This skill is a gauntlet that pressure-tests absolute claims (always, never, guaranteed, optimal) and refines them into honest, bounded statements. It runs iterative rounds that surface counterexamples, hidden assumptions, and operational limits, then synthesizes a tightened claim with explicit boundaries. Use it to avoid overconfidence and produce testable, defensible conclusions.

How this skill works

On each round the assistant picks a focused self-prompt (e.g., counterexample, boundary case, adversarial input) and updates an Argument Map, a Round Ledger, and a Knowledge Delta. Rounds proceed in a defined cadence: autoloop (default) runs one round per assistant turn until Oracle synthesis; step mode pauses between rounds; full auto runs rounds 1–10 plus Oracle in one turn.

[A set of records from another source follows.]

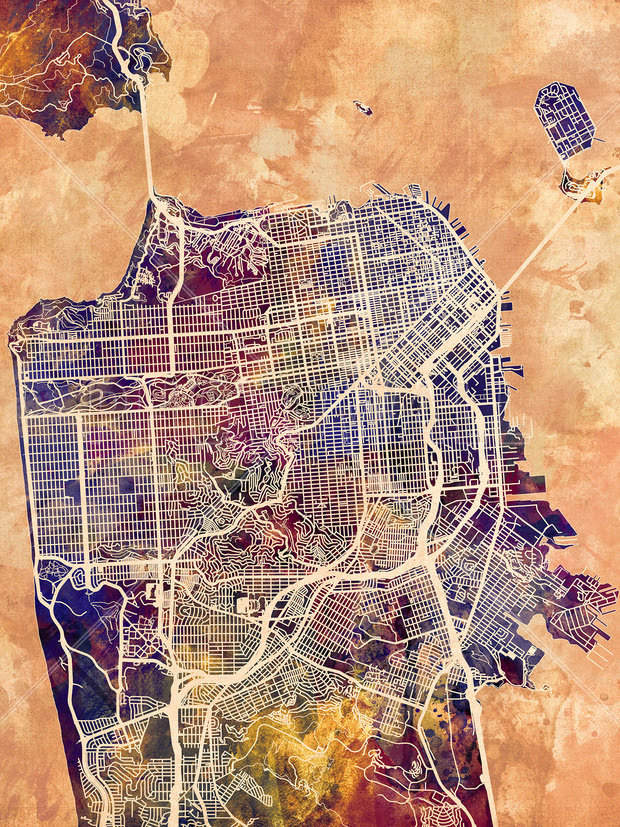 san fransisco street map purple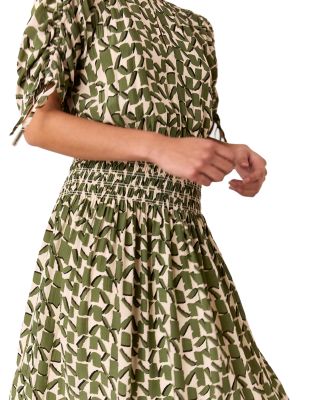 Petites Abstract Squares Midi Dress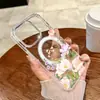 Funda para iPhone 16 Pro Max con flor de peonía rosa acuarela, cubierta protectora transparente magnética simple al por mayor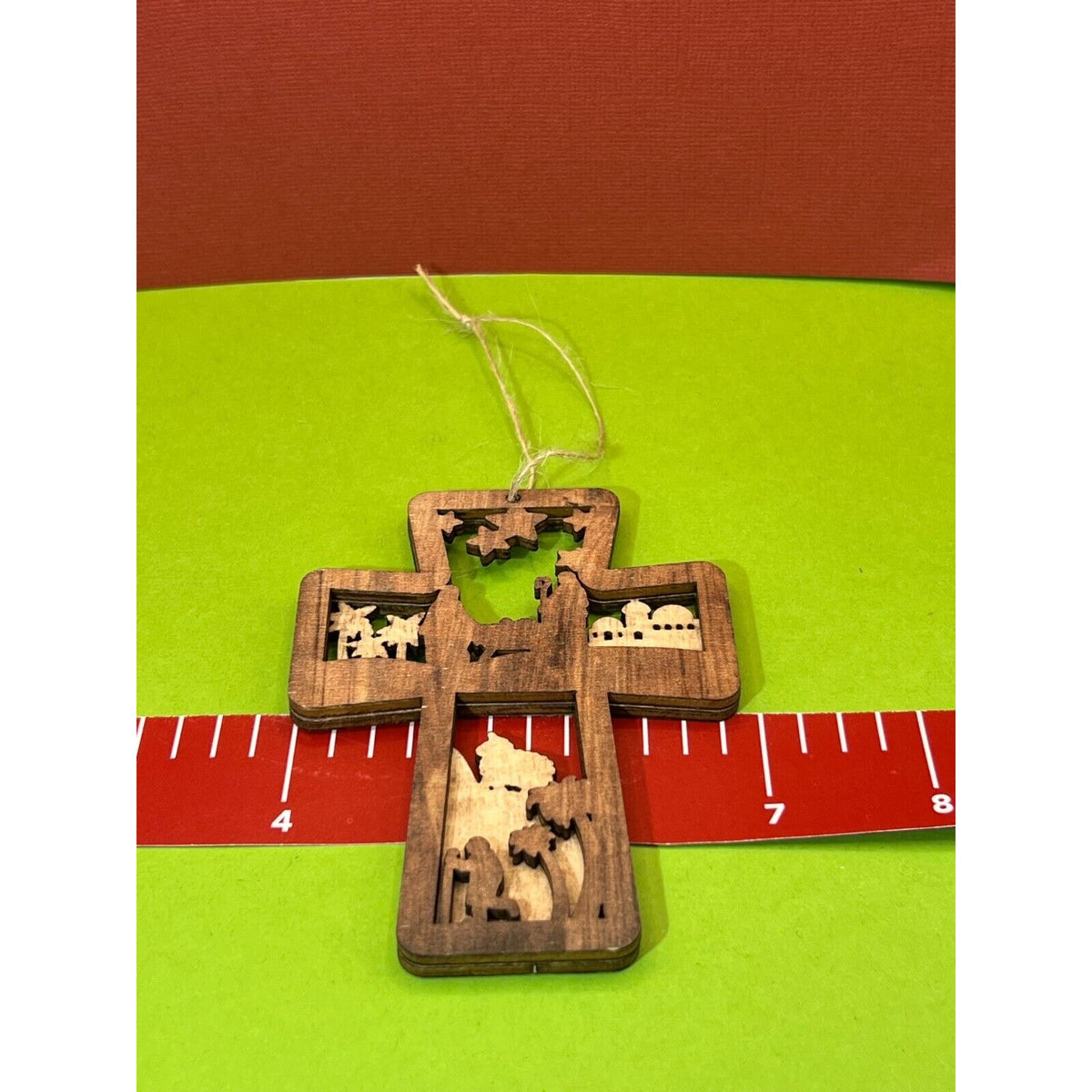 Wooden Nativity Christmas Hanging Cross Ornament AC1592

The final Oracle synthesis produces a refined claim, valid/invalid conditions, confidence trail, and next tests.

When to use it

  • User asserts certainty words like "always", "never", "guaranteed", "optimal", "100%".
  • User asks for "prove it", "devil's advocate", "stress test", or "rigor".
  • A claim feels unusually clean or lacks explicit scope or assumptions.
  • You need a reproducible test plan or boundaries before deploying a decision.
  • Preparing a defensible statement for audits, compliance, or high-stakes choices.

Best practices

  • Start by restating the exact claim and its scope before running rounds.
  • Default to autoloop unless the user requests step mode or full auto.
  • Publish Round Ledger and Knowledge Delta after every round for traceability.
  • Prefer concrete, smallest counterexamples and measurable tests.
  • Synthesize a refined claim with explicit "valid when" and "invalid when" boundaries.

Example use cases

  • A product manager claims a feature "will always increase retention" and needs stress-testing and boundary conditions.
  • An engineer says a model "cannot fail" in production; run adversarial and operational rounds to find failure modes.
  • A strategist asserts a tactic is "optimal"; run comparative baselines and alternative-paradigm rounds to challenge it.
  • A researcher wants a fast disproof experiment to decide whether to pursue an idea.
  • A compliance reviewer needs explicit assumptions and tests to approve a high-risk deployment.

FAQ

How many rounds will you run?

Default autoloop runs one round per assistant turn up to the ten-round gauntlet and then Oracle synthesis; if confidence stays low, additional rounds (11+) run until sufficient confidence.

Can I pause between rounds?

Yes—invoke step mode by asking for "step mode", "pause", or "one round at a time" and the skill will wait for your "next" before proceeding.